Child marriage is not uncommon in her village and other parts of Amhara Region. The deep-rooted practice is adversely affecting the lives of many children, forcing them to abandon school and leaving them more likely to become pregnant early, experience more complications during labour and become more vulnerable to gender-based violence. Despite progress over the past decades, there is still high rate of child marriage in Ethiopia. In Amhara region, where Ayelech lives, the prevalence (44.8%) is much higher than the national average which stands at 21.4%.
The good news is that Ethiopia recognized child marriage as threat to development and prepared the 2013 National Strategy and Action Plan on Harmful Traditional Practices with the objective of reducing child marriage from the current baseline of 21.4% to 10.4%. The Ethiopian government also made a commitment - at the first Girl Summit held in London in July 2014 - to eliminate child marriage and female genital mutilation/cutting (FGM/C) in Ethiopia by 2025.
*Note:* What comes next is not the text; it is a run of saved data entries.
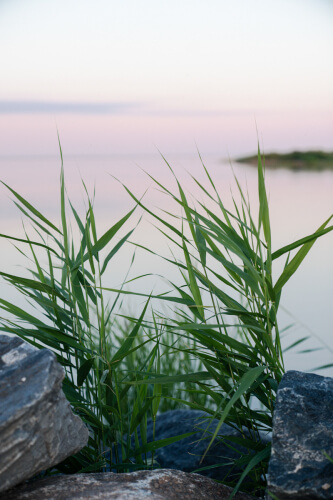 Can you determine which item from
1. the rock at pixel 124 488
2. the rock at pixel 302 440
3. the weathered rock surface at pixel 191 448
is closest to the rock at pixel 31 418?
the rock at pixel 124 488

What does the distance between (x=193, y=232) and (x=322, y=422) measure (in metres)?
0.67

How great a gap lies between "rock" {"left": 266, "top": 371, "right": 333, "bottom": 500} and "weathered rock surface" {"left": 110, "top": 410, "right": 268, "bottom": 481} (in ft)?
2.02

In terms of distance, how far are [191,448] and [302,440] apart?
96 cm

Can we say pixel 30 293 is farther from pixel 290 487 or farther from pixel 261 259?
pixel 290 487

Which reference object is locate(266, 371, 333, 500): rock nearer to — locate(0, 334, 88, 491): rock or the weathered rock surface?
locate(0, 334, 88, 491): rock

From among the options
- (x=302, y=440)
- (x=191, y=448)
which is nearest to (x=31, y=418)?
(x=302, y=440)

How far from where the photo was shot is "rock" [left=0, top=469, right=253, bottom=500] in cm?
156

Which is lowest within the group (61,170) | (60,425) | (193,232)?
(60,425)

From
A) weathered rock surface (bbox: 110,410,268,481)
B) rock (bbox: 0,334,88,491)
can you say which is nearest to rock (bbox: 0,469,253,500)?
rock (bbox: 0,334,88,491)

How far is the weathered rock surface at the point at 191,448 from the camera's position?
2338 mm

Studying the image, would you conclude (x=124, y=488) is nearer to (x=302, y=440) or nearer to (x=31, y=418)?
(x=31, y=418)

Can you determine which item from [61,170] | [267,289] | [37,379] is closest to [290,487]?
[267,289]

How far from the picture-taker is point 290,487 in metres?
1.53

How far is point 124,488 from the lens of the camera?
5.23 feet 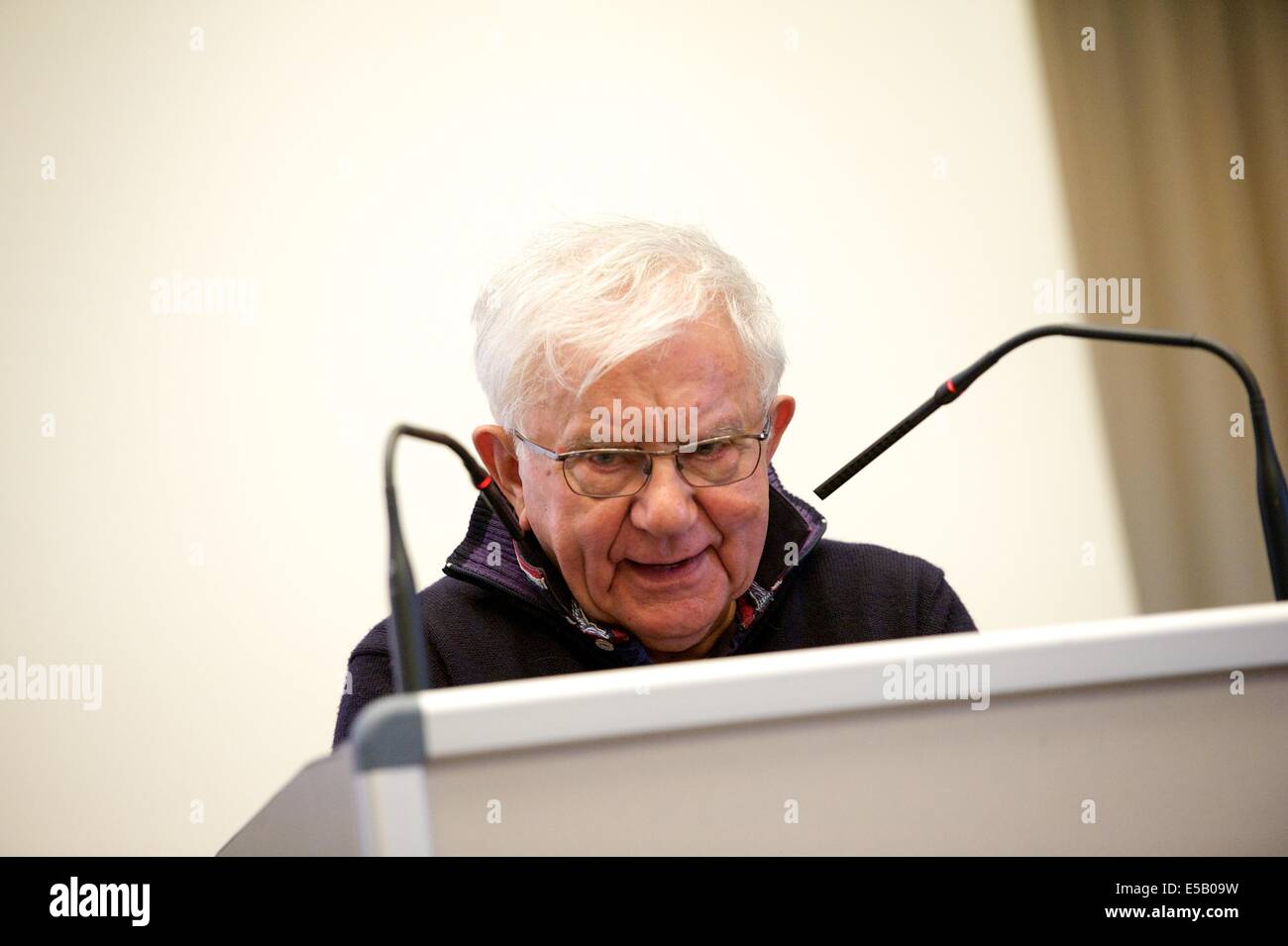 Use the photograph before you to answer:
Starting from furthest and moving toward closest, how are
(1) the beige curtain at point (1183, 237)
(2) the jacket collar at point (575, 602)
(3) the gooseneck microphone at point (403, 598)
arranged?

The implementation strategy and action plan will certainly enable thousands of children like Ayelech to have a bright future where child marriage will not rob their dreams and expose them to many social ills and life-threating diseases.
Save the Children works with Amhara Women Association (AWA) that aims to improve economic status of women, empower them in decision-making processes and eliminate socio-cultural factors that hinder equal participation and benefits of women.
The Association has helped cancel more than 40,000 child marriages over the past five years. AWA, through its members who are also well recognized at grassroots level, empowers women and closely works with the local administration and school community.
Save the Children supports the association to strengthen its efforts in addressing the many challenges facing children and women so that children can grow and thrive.